US President George W Bush has said early indications suggest a security operation begun in Iraq more than two months ago was "meeting expectations".
There are now almost 80,000 US and Iraqi troops in Baghdad
Mr Bush said that, while there were still horrific attacks such as Wednesday's bombings, the direction of the fight was "beginning to shift".
Thousands of extra US troops are being sent to Baghdad as part of the plan.
Meanwhile the US defence secretary met Iraq's PM to urge more progress towards national reconciliation.
Robert Gates said he wanted to emphasise that the US commitment to Iraq was not open-ended.
Also in Baghdad, US troops have started building a five-kilometre (three-mile) wall around a Sunni enclave as part of a strategy of "breaking the cycle of sectarian violence", a US spokeman said.
The wall is meant to protect the Adhamiya neighbourhood, which lies on the mainly Shia Muslim east bank of the Tigris and has been badly hit by sectarian attacks.
'Shift in direction'
President Bush said that the potential for the security plan's success could not be judged until later in the year, but the first indications were beginning to emerge.
"So far the operation is meeting expectations," he said. "There are still horrific attacks in iraq, such as the bombs in Baghdad on Wednesday, but the direction of the fight is beginning to shift."
Three US brigades had already moved into Baghdad as part of the security surge, another was preparing in Kuwait and a fifth would arrive in Kuwait next month, he said.
With three extra Iraqi troops for every American, there were now almost 80,000 in the Baghdad area, he said.

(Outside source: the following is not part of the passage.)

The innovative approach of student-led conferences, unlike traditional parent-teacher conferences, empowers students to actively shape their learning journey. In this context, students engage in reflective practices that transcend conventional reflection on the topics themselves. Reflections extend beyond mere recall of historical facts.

But Mr Bush said for the Iraqi government to succeed there had to be political and economic, as well as military, progress.
"It's up to the Iraqi people and the Iraq elected folks to show America and the world they're ready to do the hard work necessary to reconcile and move forward," he added.
Mr Bush's comments come a day after US Senate Majority Leader Harry Reid said that the war in Iraq was lost.